(Stored entries)
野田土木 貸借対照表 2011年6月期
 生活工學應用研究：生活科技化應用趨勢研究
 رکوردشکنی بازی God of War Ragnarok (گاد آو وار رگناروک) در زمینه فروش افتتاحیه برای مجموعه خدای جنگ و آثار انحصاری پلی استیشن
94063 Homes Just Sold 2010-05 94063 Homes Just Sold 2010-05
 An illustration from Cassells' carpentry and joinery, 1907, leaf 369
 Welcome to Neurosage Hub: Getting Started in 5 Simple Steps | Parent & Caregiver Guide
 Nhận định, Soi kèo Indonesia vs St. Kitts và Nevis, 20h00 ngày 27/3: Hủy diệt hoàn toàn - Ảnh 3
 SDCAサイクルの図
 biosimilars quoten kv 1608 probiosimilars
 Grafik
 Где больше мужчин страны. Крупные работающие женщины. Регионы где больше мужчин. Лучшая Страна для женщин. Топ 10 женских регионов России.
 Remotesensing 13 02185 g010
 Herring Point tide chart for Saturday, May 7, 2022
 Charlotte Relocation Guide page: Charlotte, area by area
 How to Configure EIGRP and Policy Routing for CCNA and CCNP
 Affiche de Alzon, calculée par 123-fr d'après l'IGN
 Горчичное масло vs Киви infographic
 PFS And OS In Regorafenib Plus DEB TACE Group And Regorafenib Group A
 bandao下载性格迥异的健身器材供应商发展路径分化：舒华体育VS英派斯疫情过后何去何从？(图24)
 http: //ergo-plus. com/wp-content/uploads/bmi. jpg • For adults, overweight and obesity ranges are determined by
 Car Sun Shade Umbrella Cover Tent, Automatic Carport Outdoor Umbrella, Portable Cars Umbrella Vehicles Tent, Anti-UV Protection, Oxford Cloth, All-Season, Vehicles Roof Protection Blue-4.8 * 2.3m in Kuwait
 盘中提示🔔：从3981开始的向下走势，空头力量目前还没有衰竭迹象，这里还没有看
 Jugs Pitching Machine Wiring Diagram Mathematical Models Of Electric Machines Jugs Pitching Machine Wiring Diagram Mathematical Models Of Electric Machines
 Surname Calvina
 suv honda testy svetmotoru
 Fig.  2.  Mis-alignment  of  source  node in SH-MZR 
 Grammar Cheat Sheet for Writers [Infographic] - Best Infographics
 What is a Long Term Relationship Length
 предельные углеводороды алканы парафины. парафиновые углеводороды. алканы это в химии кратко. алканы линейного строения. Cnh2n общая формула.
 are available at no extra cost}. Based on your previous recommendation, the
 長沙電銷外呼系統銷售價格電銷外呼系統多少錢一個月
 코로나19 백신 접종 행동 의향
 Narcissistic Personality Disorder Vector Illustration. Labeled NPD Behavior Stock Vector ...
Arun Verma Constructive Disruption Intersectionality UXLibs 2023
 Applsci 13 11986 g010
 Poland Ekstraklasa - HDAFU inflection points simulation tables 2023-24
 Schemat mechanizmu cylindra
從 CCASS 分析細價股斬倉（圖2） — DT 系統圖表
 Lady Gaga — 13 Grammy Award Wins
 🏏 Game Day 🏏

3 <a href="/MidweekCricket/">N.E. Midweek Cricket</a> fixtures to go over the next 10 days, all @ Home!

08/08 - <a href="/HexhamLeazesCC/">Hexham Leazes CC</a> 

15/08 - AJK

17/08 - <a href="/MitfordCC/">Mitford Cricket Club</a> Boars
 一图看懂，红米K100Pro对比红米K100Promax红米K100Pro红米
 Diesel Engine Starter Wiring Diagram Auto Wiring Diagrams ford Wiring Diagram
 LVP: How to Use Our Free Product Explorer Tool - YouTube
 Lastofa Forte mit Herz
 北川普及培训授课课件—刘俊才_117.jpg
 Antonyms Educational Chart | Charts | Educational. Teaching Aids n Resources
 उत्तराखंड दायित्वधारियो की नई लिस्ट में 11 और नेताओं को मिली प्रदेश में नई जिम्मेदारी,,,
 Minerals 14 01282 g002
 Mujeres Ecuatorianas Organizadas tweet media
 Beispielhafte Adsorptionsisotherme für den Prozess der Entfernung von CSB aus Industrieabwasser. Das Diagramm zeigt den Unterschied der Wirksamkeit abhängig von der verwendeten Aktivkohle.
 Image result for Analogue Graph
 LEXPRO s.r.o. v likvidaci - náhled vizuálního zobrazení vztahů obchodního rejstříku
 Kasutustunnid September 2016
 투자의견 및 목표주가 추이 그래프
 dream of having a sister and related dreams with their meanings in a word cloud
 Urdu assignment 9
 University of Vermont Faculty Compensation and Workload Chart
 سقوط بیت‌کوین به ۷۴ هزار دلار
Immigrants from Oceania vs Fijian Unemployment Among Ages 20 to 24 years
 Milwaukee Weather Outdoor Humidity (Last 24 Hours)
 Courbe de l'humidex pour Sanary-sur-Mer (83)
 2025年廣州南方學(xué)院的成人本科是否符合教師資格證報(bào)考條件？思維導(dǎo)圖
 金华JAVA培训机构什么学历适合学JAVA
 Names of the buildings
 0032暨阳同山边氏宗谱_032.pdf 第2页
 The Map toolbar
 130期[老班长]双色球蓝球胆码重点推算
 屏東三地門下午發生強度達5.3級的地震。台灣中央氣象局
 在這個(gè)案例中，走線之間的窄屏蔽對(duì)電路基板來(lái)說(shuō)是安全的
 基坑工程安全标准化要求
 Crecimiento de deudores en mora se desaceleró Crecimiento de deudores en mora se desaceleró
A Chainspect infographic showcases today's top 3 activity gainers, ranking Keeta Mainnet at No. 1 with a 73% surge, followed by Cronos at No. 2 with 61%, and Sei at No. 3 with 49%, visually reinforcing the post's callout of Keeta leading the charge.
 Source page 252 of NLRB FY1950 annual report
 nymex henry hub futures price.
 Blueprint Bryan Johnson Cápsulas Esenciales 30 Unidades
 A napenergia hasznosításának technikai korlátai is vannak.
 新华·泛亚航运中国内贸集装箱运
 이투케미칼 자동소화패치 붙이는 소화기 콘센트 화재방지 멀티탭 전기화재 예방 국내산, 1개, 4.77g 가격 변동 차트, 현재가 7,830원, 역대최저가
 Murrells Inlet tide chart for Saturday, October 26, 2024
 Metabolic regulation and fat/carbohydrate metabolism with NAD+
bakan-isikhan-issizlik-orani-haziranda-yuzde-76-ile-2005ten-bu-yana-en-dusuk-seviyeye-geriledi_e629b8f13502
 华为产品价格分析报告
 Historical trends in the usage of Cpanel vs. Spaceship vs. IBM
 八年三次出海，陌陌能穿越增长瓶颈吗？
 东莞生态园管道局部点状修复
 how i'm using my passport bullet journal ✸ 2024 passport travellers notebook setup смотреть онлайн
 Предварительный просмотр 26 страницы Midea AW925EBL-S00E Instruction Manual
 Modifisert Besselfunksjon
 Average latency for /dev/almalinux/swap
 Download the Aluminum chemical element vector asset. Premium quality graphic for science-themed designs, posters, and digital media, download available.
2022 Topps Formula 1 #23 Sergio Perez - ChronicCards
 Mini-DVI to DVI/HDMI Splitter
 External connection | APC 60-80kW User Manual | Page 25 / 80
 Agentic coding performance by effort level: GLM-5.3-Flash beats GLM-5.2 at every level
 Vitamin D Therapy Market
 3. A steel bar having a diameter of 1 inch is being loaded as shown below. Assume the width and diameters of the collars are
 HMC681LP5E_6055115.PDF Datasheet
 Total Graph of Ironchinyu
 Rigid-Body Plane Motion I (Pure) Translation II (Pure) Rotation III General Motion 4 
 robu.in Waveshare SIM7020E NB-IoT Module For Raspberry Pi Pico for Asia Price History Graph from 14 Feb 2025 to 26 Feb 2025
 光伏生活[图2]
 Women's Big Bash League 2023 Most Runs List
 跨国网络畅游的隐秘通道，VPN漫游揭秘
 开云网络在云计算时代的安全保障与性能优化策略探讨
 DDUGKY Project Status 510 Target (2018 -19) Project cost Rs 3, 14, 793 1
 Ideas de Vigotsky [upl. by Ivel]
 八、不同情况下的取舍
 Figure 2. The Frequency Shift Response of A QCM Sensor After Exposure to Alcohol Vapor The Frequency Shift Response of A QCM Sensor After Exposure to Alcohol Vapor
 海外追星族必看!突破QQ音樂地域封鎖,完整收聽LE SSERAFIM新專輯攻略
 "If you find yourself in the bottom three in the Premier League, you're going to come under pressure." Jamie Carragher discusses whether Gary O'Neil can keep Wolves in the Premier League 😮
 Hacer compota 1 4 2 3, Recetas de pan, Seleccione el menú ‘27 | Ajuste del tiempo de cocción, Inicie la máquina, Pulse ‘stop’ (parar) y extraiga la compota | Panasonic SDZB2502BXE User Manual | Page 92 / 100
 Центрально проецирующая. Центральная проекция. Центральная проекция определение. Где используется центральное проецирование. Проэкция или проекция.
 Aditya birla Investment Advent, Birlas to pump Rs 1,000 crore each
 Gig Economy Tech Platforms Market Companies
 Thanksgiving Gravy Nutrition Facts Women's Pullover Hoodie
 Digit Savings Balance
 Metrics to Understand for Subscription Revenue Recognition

* Aim of the task *
In the records above, find the lines holding "Manual". Copy each one.

* Exercise solution *
 Предварительный просмотр 26 страницы Midea AW925EBL-S00E Instruction Manual
 External connection | APC 60-80kW User Manual | Page 25 / 80
 Hacer compota 1 4 2 3, Recetas de pan, Seleccione el menú ‘27 | Ajuste del tiempo de cocción, Inicie la máquina, Pulse ‘stop’ (parar) y extraiga la compota | Panasonic SDZB2502BXE User Manual | Page 92 / 100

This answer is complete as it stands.